Chcielibyśmy zobaczyć obecnie, jak jest to uregulowane w społecznościach, w których nie tylko nie ma władzy państwowej, ale brak jest takich prostych form władzy, jak instytucja wodza, sądu plemiennego czy stowarzyszenia wojowników. Interesują nas społeczeństwa najprostsze, tj. spełniające jednocześnie dwa warunki: 1) opierające byt materialny na przyswajaniu sobie poprzez łowiectwo oraz zbieractwo gotowych wytworów natury i 2) proste organizacyjnie, bo istniejące przede wszystkim w formie społeczności lokalnych złożonych z poszczególnych grup rodzinnych i pozbawionych zinstytucjonalizowanej władzy.
Czy w najprostszym typie społeczeństw ludzkich spotykamy się z Ładem Świadomym, a nie wynikającym tylko z identyczności przeżyć, doświadczeń i zachowań wszystkich uczestników społeczeństwa z osobna, tj. z Ładem Mechanicznym? Czy istnieje tam zjawisko kontroli zachowań (w szerszym sensie) przez otoczenie, a jeśli tak, to jakie są jej formy i jakie warunki?

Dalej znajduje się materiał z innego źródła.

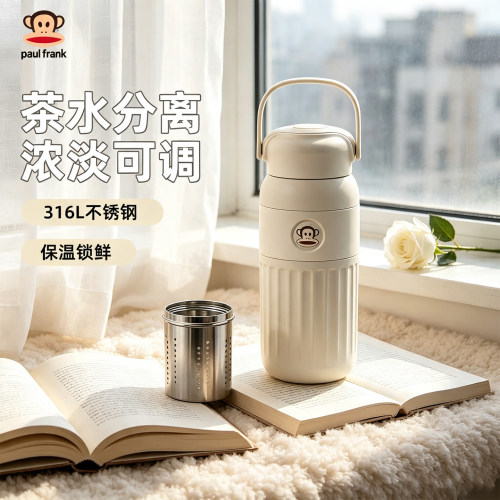 大嘴猴316L不锈钢茶水分离保温杯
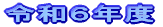 15Nx̋L^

Istnieje możliwość uporządkowanego współżycia i współdziałania ludzkiego w warunkach braku nadrzędnej struktury przymusu. Brak przymusu powoduje, że u podstaw naturalnego współżycia społecznego trzeba szukać innych powodów niż ścisła_ kontrola publiczna oparta o władzę - jakie są te powody?

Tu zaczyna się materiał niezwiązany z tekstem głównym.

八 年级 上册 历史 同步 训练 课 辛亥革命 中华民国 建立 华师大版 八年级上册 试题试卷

Stosunki pokrewieństwa - wiąże się z tym rozpowszechniona teoria, wedle której najbardziej prymitywną formą organizacji społecznej jest wspólnota rodowa o patrylinearnym bądź matrylinearnym charakterze (jednak Kabo stwierdził, że „ród i wspólnota nie odpowiadają sobie całkowicie, można tylko stwierdzić określony stopień ich wzajemnego »zbliżenia się«” - swe spostrzeżenia oparł na badaniach grup lokalnych w Australii - wyróżnił 3 typy grup lokalnych - w 2 pokrewieństwo nie miało znaczenia; inny przykład obalający tę teorię to to, iż rody totemowe nie odgrywają żadnej roli u Pigmejów, a u Eskimosów brak w ogóle struktury rodowej, podczas gdy koczująca grupa lokalna Buszmenów opiera się na pokrewieństwie łączącym mężczyzn)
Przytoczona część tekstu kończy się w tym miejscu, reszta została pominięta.